If Roman Abramovich now wants his £1.6bn loan paid back to agree the sale of the Chelsea, then the club is facing its biggest crisis since the 1987 ‘Save the Bridge’ campaign, when Stamford Bridge was under threat of being turned into luxury flats by property developers Marler Estates.

Abramovich initially claimed he would write off the £1.6bn he had put into the club to ease the sale process. But now it is said he fears that may not be possible because of UK Government sanctions. Which is an interesting take, because the UK Government can amend the terms of the sanctions as and when it chooses, what with them writing the law on this.

So it’s clearly perfectly possible to allow Abramovich to write off the loan and designate a Government ESCROW account into which the money for the sale of the club can be paid. Could it be that a better explanation is that Abramovich doesn’t actually now want to write off the loan?

Put it this way: UK government sanctions make it clear that Abramovich is effectively President Putin’s man. If you believe that, then, in essence, Chelsea is a Russian state asset. Is Vladimir Putin, currently talking up the threat of nuclear war, really going to allow £2.5billion of Russian assets vanish into the hands of the UK Government to distribute as they see fit, with much of it ending up supporting Ukraine?

There was always a fear among those close to the sale process that Abramovich could scupper a deal at the last minute. And these new conditions, which only emerged last week, look very much like a huge spanner in the works.

The deal suggested is that the loan, which is owed to a holding company called Fordstam (controlled by Abramovich), should now be paid to Camberley International Investments, which appears to be linked to Abramovich. That just isn’t going to happen if the UK Government is good to its word. They have pledged that not a single pound from the sale process can end up in Abramovich’s pocket.

And so we have a stand off and, just to add some tension, the clock is ticking. Chelsea are only operating as club because the UK Government carved them out of sanctions until May 31st so that they could finish the season. Without Government permission, they cannot function: they can’t sell tickets, pay players or recruit players. They can’t even stage matches. They would essentially be liquidated and unable to play at any level, until some kind of deal can be sorted.

Maybe the Government will just extend the special licence? They could, but on June 8th the Premier League has its AGM and will constitute the league for 2022-23. If Chelsea aren’t licensed by then, they can’t take up their place in next season’s Premier League, nor can they be nominated by the FA as a Champions League or Europa League representative. And they can only be licensed with Government permission, which will only happen if they are sold.

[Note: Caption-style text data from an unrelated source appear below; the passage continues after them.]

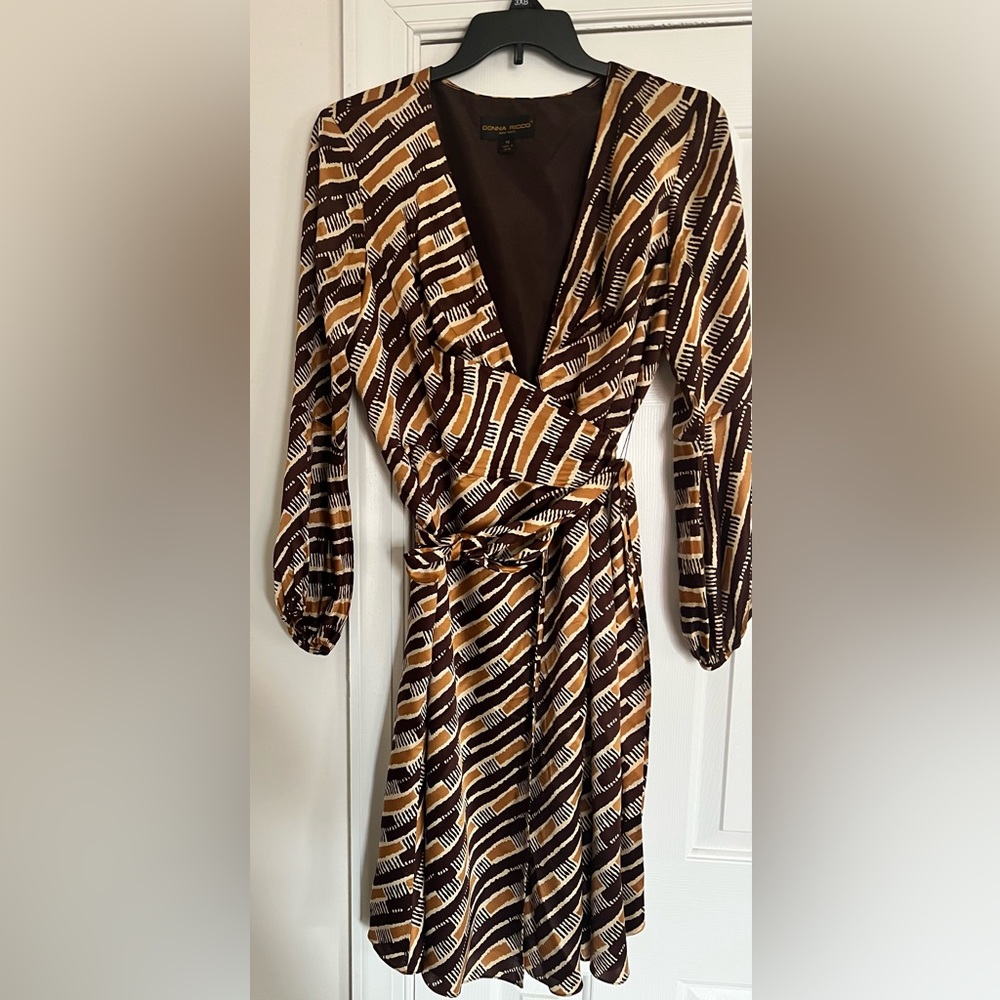 Donna Ricco silk ladies wrap dress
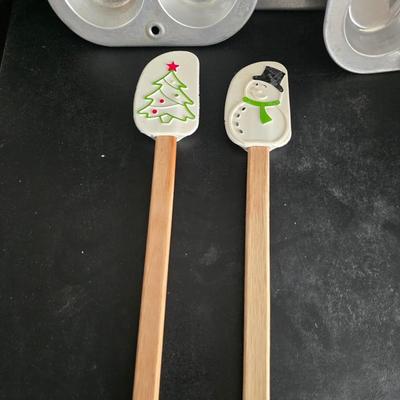 Baking pans - cookie sheets - Whip-o-Matic machine - bundt pans - cupcake pans and more baking items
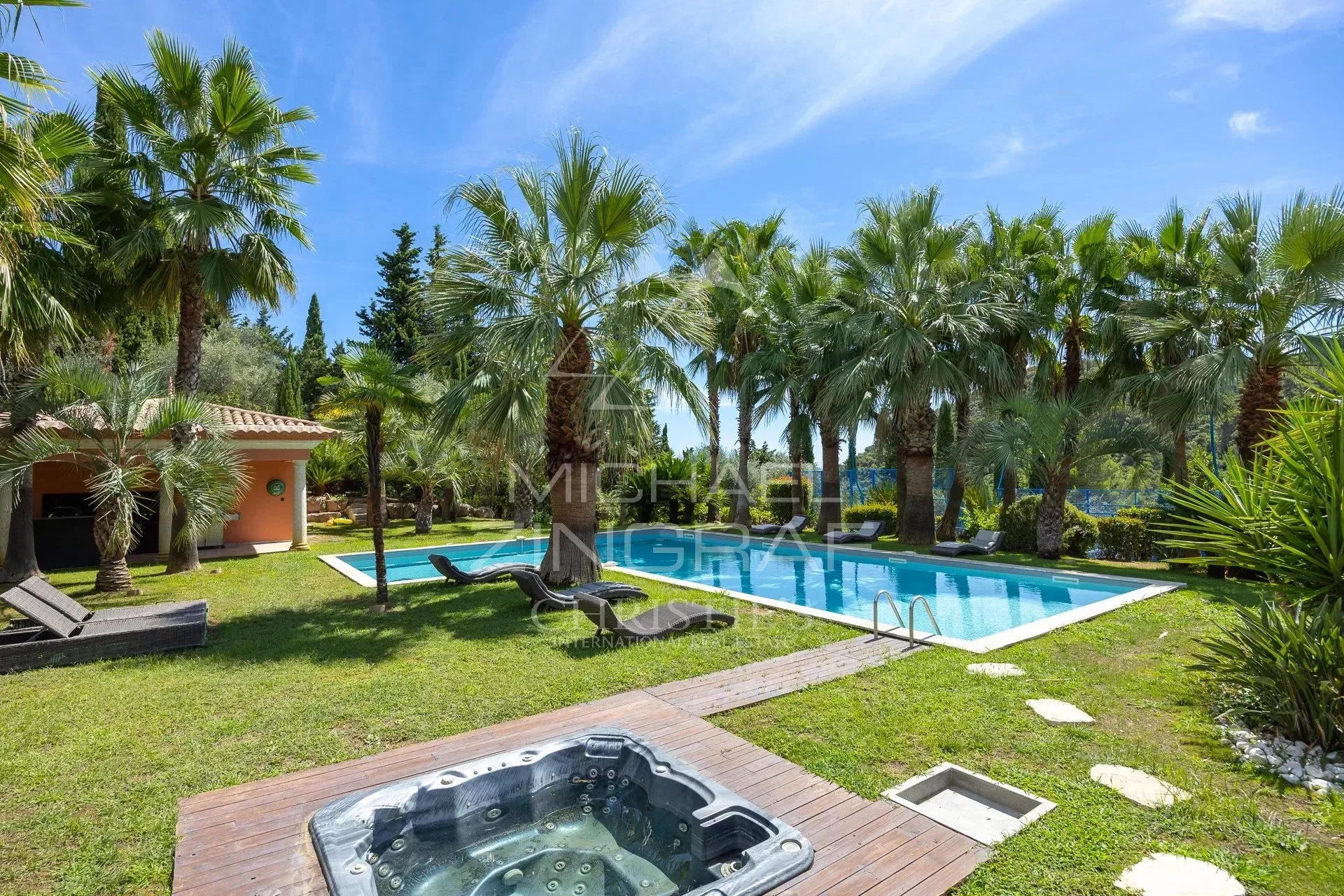 Bastide contemporaine d’exception à Grasse - 11
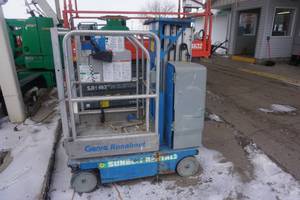 2014 Genie GR15 Electric Man Lift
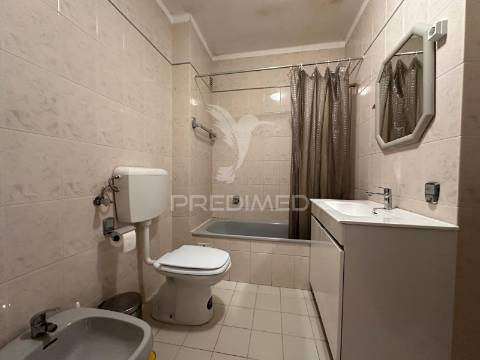 Apartamento t2 para arrendamento – avenida beato nuno, fátima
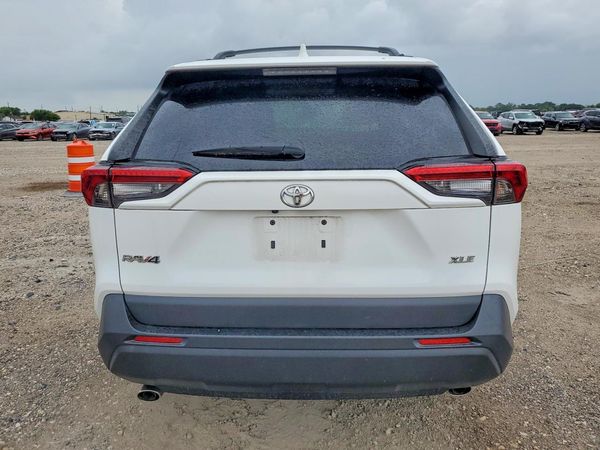 2022 TOYOTA RAV4 XLE — DIRR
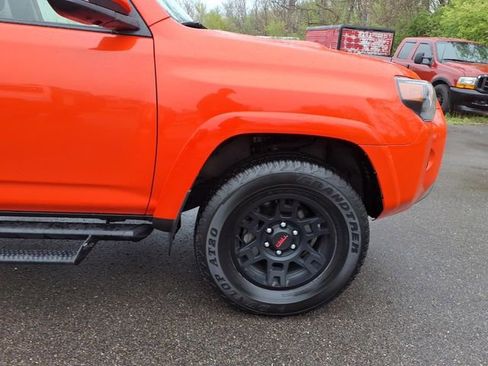 Certified 2024 Toyota 4Runner TRD Off-Road Premium w/ Off Road Premium Plus Package AWD/4WD image 11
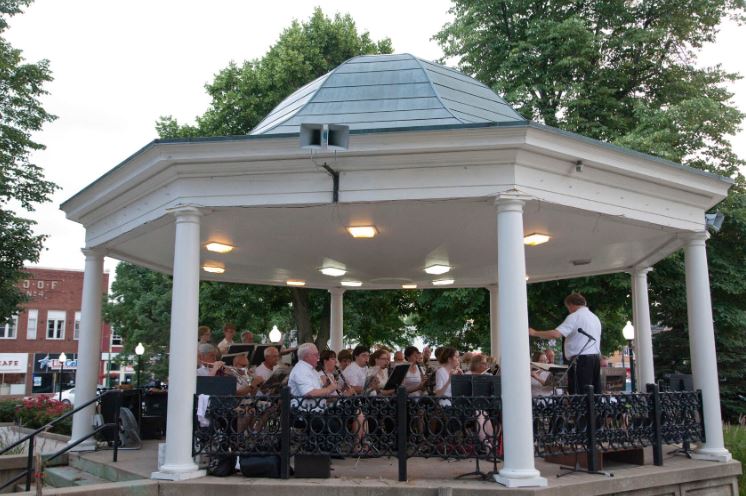 <h1 class="tribe-events-single-event-title">Fairfield Municipal Band Concert</h1>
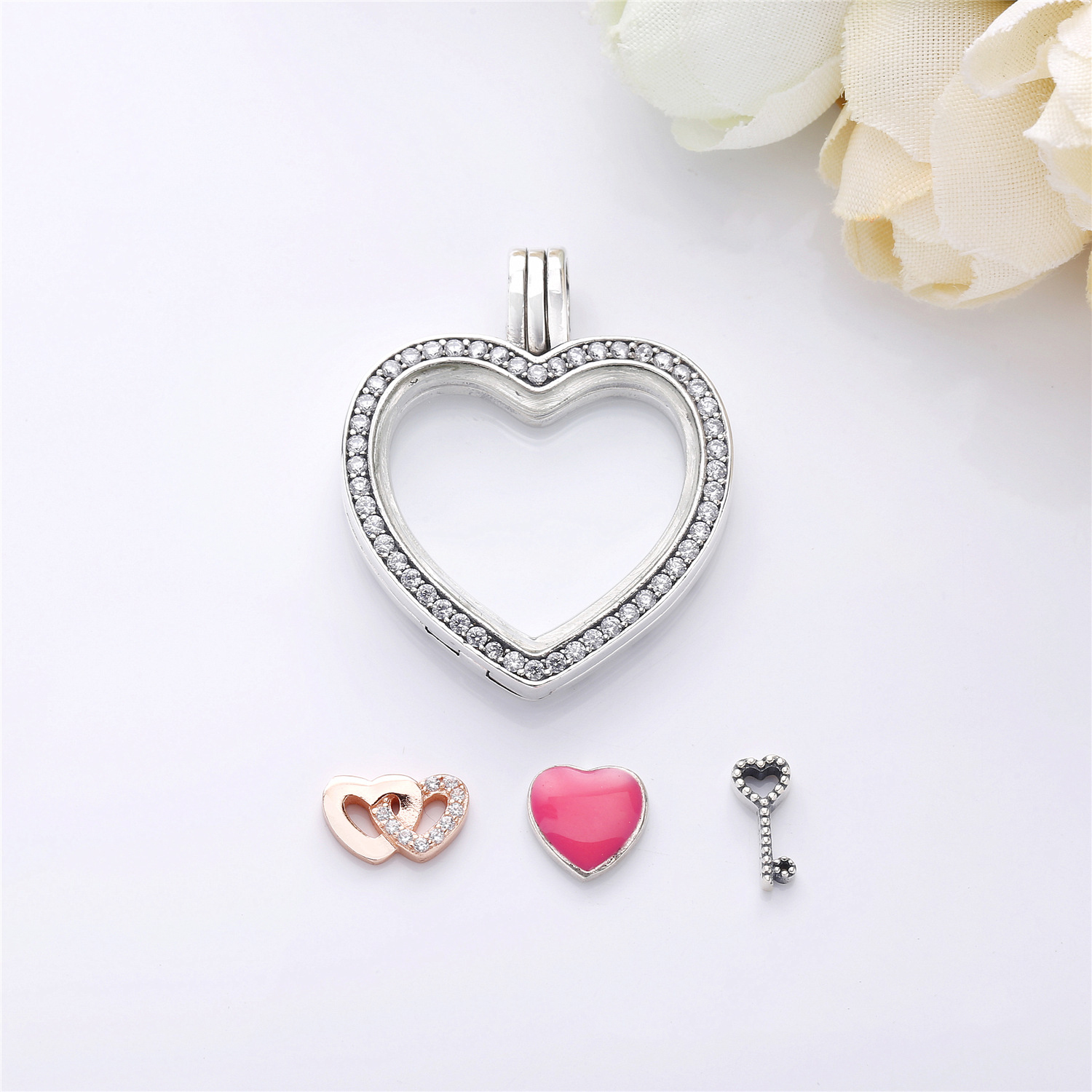 Sparkling Pandora Floating Heart Locket Bedel 797248CZ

Add into the mix the fact that the Financial Times is reporting that current chairman Bruce Buck and managing director Marina Granovskaia will continue at the club if the Todd Boehly takes over. Julian Knight, Conservative MP and chairman of the DCMS Select Committee, which is the department overseeing the sale, says that would be an ‘unsettling development.’

And that the bizarre, last-minute Jim Ratcliffe bid, which has received lots of fanfare but which isn’t technically part of the process, seemed peculiarly designed to appease Abramovich.

When Abramovich initially said he would sell Chelsea, before he was sanctioned, he said he wanted to set up foundation ‘for the benefit of all victims of the war in Ukraine.’ Victims of war was of course a suitably vague phrase which could conceivably mean rebuilding the Russian-controlled Donbas region in Ukraine.

The Ratcliffe bid mimicked Abramovich’s language, saying that it wanted proceeds to go to a ‘Charitable Trust to support victims of the war’ But as both Ratcliffe and Abramovich know, they don’t get to choose where the money goes so it’s meaningless to pledge what is going to happen to it.

Unless Abramovich is plotting to pressure the Government to let him set up some kind of charitable organisation? That way he could spend the rest of his life demonstrating he is was in fact a generous humanitarian rather than a Putin crony, who gained his wealth in what his own lawyer described as an ‘easy-to-rig auction.’

In essence, it doesn’t really matter who buys the club. If they can’t get the deal done because Abramovich and the UK Government are in deadlock, then Chelsea are in jeopardy.

Of course, with three and half weeks to go, the expectation is that someone will back down. But if this becomes, by proxy, a blinking contest between Putin and Prime Minister Boris Johnson, then it’s very hard to see either of them nuancing positions.